I know how you feel...my dd is a really light sleeper and I cannot move AT ALL until she has been asleep for at least an hour, and even after that it is risky. I have been having a lot of pain, but I'm also 33 weeks pg, so that does not help. One thing that has really helped me is a Memory Foam pillow that is shaped kind of like a really thick dogbone that I put between my thighs. It does the same thing as the regular pillow without irritating the hips as much. It also enables me to cuddle dd without pillows getting in the way.

I've also watched those ads on TV for the TempurPedic bed where the lady jumps on the bed and the wineglass doesn't tip over and wondered if such a thing would be helpful for my dd. I admit, we have a really saggy, third-hand mattress and this exacerbates the problem, despite the fact that we put an eggshell thingie on top of it (which I wouldn't recommend if you have a really little one).

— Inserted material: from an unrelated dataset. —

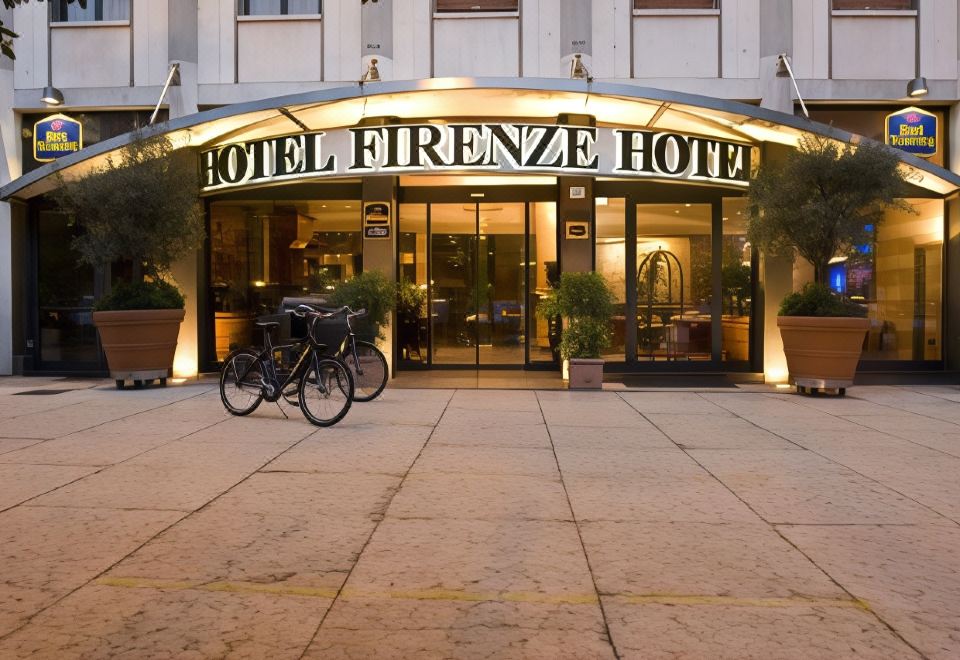 a hotel entrance with a large sign above the door , and two bicycles parked outside at Hotel Firenze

Sorry, I don't have any advice on the nursing...my dd has a feeding tube.


----------



## MarineWife (May 1, 2004)

Can you roll onto your back after dc is done nursing? My chiropractor said this is the best way to sleep. If I sleep for long periods on my side, my back really starts to hurt. I assume it's because I stay tense because I can't quite roll forward a bit the way I like to when I'm on my side. I also have bedrails and switch sides every other time my ds nurses at night.

I had sever back pain for several years. I went to numerous physical therapists and two orthopedists. The back pain got a bit better but never completely went away. I finally bit the bullet and paid for a chiropractor. My insurance doesn't cover it. My back pain was gone within 4 months.


----------



## cjr (Dec 2, 2003)

My message therapist asked me if I was recovering from some sort of major injury, I said "nope, I co-sleep".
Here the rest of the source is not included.